La nature civile d’un syndicat de copropriétaires ne fait pas écran à la nature commerciale de sa relation avec un prestataire de services

Dans un premier temps, le syndicat fait valoir que la relation qui l’unissait au prestataire de services ne rentrait pas dans le champ d’application de l’article L. 442-6, I, 5° du code de commerce. Il estime en effet que « qualité de commerçants des membres d'un syndicat de copropriétaires ne fait pas perdre sa personnalité civile à ce dernier ni conférer une nature commerciale à la relation contractuelle qu'il entretient avec un prestataire de services ». La cour d’appel retient en revanche que le « syndicat a agi dans l'intérêt de l'exploitation des établissements commerciaux de chacun de ses membres » et en déduit que « la nature civile de sa personnalité ne fait pas écran à la nature commerciale de la relation des parties ». Au visa de l’article L. 410-1 du code de commerce (dans sa rédaction applicable à l’espèce), la Cour de cassation approuve le juge du fond : le fait que le « contrat [ait] exclusivement pour objet d'assurer une prestation de service pour les besoins de l'activité commerciale de ses membres » démontre la nature commerciale de la relation entre le syndicat et le prestataire.
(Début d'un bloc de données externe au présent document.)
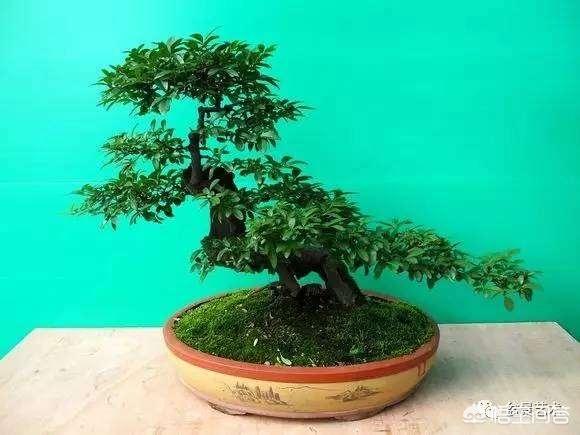 金叶女贞图片叶子:小叶女贞盆栽有的小芽为什么干死？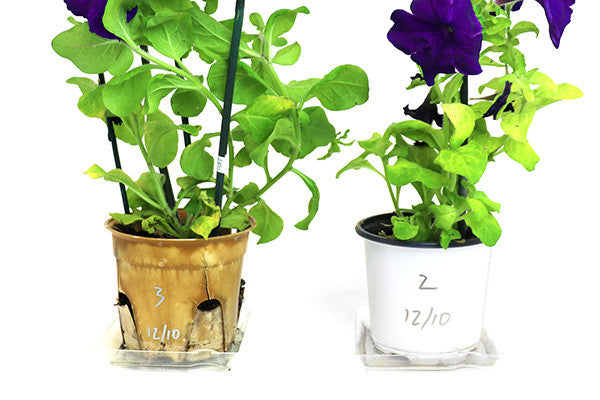 Is The Beauty In The Plant Or The Pot?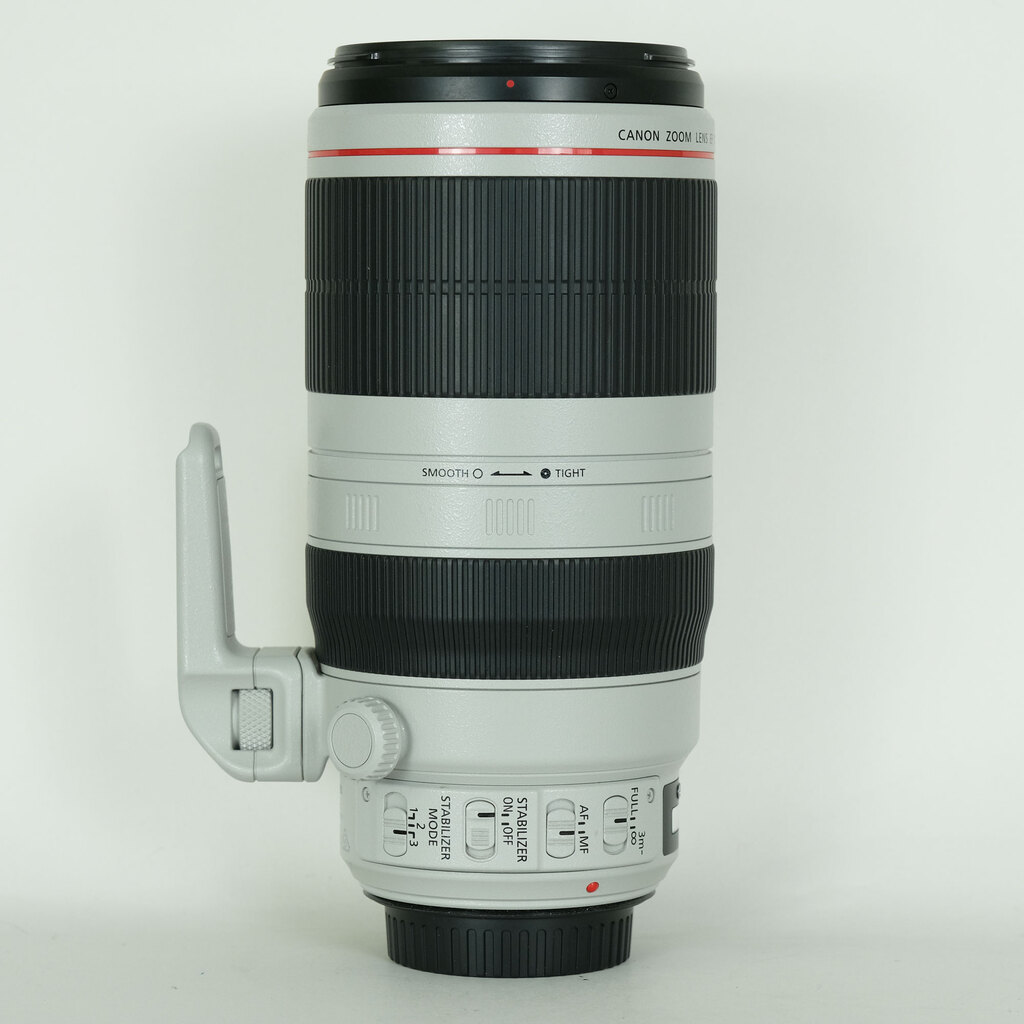 Canon EF100-400mm F4.5-5.6L IS II USM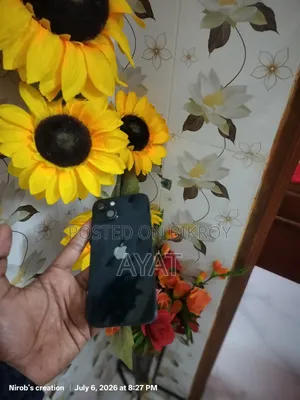 অ্যাপল আইফোন ১৩ ২৫৬ জিবি ব্ল্যাক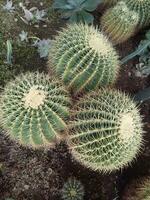 un' cactus albero quello cresce grande e è coperto nel spine nel il cortile di un' Casa foto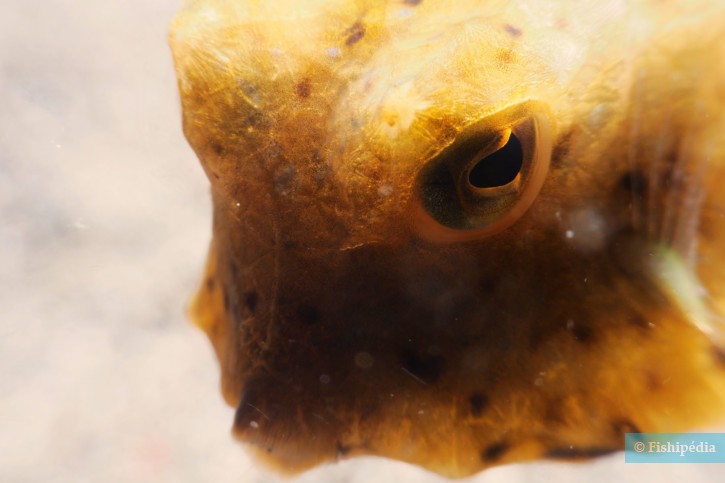 Ostracion cubicus - poisson-coffre jaune
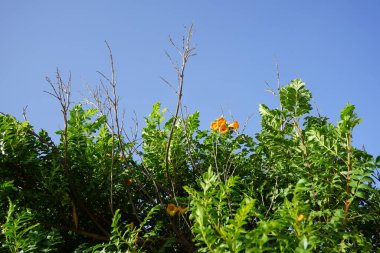 Tecoma fulva ekim ayında çiçek açar. Tecoma fulva, Bignoniaceae familyasından bir bitki türüdür. Costa Calma, Fuerteventura, Kanarya Adaları, İspanya. 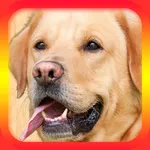 Dog Translator for Dogs icon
On sait que le caractère civil de l’activité ne suffit pas à exclure l’application de l’ancien article L. 442-6, I, 5°. Le texte a pu être appliqué dès lors qu’une activité commerciale est présente. Tel est le cas par exemple des relations d’une association sans but lucratif, « lorsqu’elle exerce des activités de production, de distribution ou de service » (CA Colmar, 25 oct. 2018, n° 17/00861).

Remarque

la Cour écarte plutôt l’application de cet article aux relations nouées par les professions libérales « lorsque leur statut professionnel ou leurs règles déontologiques leur interdisent l'exercice de la profession commerciale ». C’est le cas des avocats (Cass. com., 24 nov. 2015, n° 14-22.578), médecins, notaires, agents commerciaux (pour lesquels le préavis de rupture est réglementé), ou encore des conseils en propriété industrielle (Cass. com., 1er déc. 2021, n° 20-16.693).

La Cour de cassation définit la notion de marge brute escomptée

Dans un second temps, le syndicat fait grief à l’arrêt d’appel de le condamner à indemniser le prestataire à hauteur non seulement de la perte de marge brute dont il a été privé pendant la période d’insuffisance du préavis (qui, selon l’arrêt d’appel, aurait dû être de 4 mois au regard de la durée de la relation), mais également à hauteur du chiffre d’affaires dont il a été privé en raison du non-respect du préavis contractuel.

La Haute juridiction casse l’arrêt d’appel sur ce dernier point et donne une définition de la perte de marge brute escomptée. En effet précise la Cour, l’indemnisation du préjudice subi par le prestataire doit être évaluée en considération de la perte de marge brute escomptée, c'est-à-dire « la différence entre le chiffre d'affaires hors taxe escompté et les coûts variables hors taxe non supportés durant la période d'insuffisance de préavis, différence dont pourra encore être déduite, le cas échéant, la part des coûts fixes non supportés du fait de la baisse d'activité résultant de la rupture, durant la même période ».

Remarque

il est établi que seul le préjudice causé par la brutalité de la rupture de la relation doit être indemnisé (et non celui résultant de la rupture elle-même) et que ce préjudice s’évalue en considération de la marge brute escomptée durant la période de préavis qui n'a pas été exécutée (Cass. com., 24 juin 2014, n° 12-27.908 ; Cass. com., 23 janv. 2019, n° 17-26.870). La notion de marge brute ne repose toutefois sur aucune définition comptable précise (la cour d’appel de Paris a établi des fiches méthodologiques pour faciliter l’évaluation du préjudice, v. fiche n° 6). Par cette définition, la chambre commerciale de la Cour de cassation unifie le cadre de l’indemnisation du préjudice résultant de la rupture brutale de la relation commerciale établie, avec une définition qui n’est pas sans rappeler celle de marge sur coûts variables soit : « la différence entre le chiffre d'affaires dont la victime a été privée sous déduction des charges qui n'ont pas été supportées du fait de la baisse d'activité résultant de la rupture » (CA Paris, 17 janv. 2018, n° 15/17249 ; CA Paris, 11 mai 2022, n° 20/02260).